It just isn’t leveraged today because by default, an Eclipse projects still pull in the stuff under its root and linked resources are not widely
used.
The concept that’s currently missing is what you call “Solutions”. At Eclipse,
-
A Team Project Set is what you describe from a CM point of view, but
o
I cannot double click a team project set to open it.
o
And once imported, it isn’t visible any more as an item to operate on (“update all”, “close”, “switch”).
-
Working Sets nicely group projects inside a workspace, but
o
I cannot import/export team-share them easily
o
Newly added projects are not added to the working set automatically
-
A workspace is what you describe (group of projects to manage together), but
o
I cannot team-shared it easily,
o
I cannot double click to open it;
o
It isn’t a single item to run global operations easily (eg “update all”)
o
It is both project list + Preferences, but those two concepts should really be separate.
o
There is not good concept for “installation-level preferences” versus “workspace-level preferences”.

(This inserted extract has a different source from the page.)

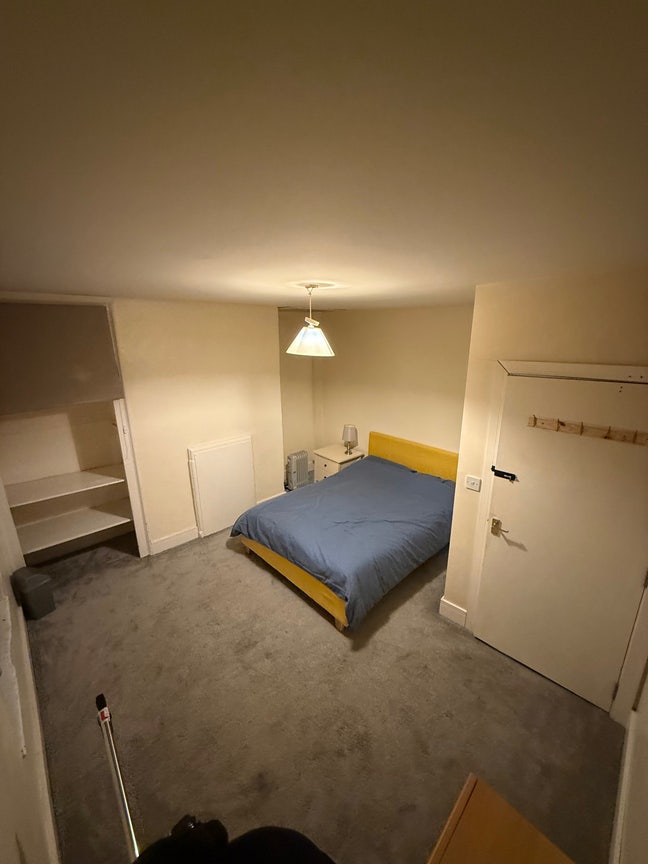 Double bedroom in high street  Main Photo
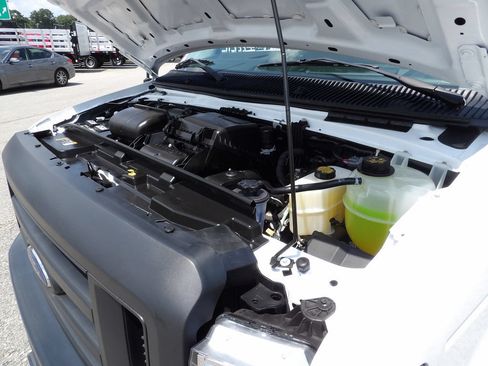 Used 2024 Ford E-350 and Econoline 350 Super Duty w/ Driver's Safety Package RWD image 31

If I’m not mistaken, some of the Eclipse distros (eg Yoxos, Pulse) are addressing the 2nd problem by making it possible to materialize
a workspace out of CM, and manage preferences and project list separately. Still these concepts are not quite as easy to use as they should be.
Personally, I think that your “solution” would best map to an Eclipse “Workspace” (eg only one solution is open at any one time). Remaining work
is
-
We need
Installation-level Preferences / User-level Preferences instead of (or in addition to) workspace-level Preferences.
John Arthorne once said that the association of the osgi.instance.are with the Resources IWorkspace is actually not too tight and it might be possible to tear those two apart, thus solving part of the problem. This problem is also related to supporting multiple
workspaces inside one Eclipse instance.
https://bugs.eclipse.org/bugs/show_bug.cgi?id=70683
https://bugs.eclipse.org/bugs/show_bug.cgi?id=245399
-
We need an easier way to open / export / import / team-share / materialize a workspace.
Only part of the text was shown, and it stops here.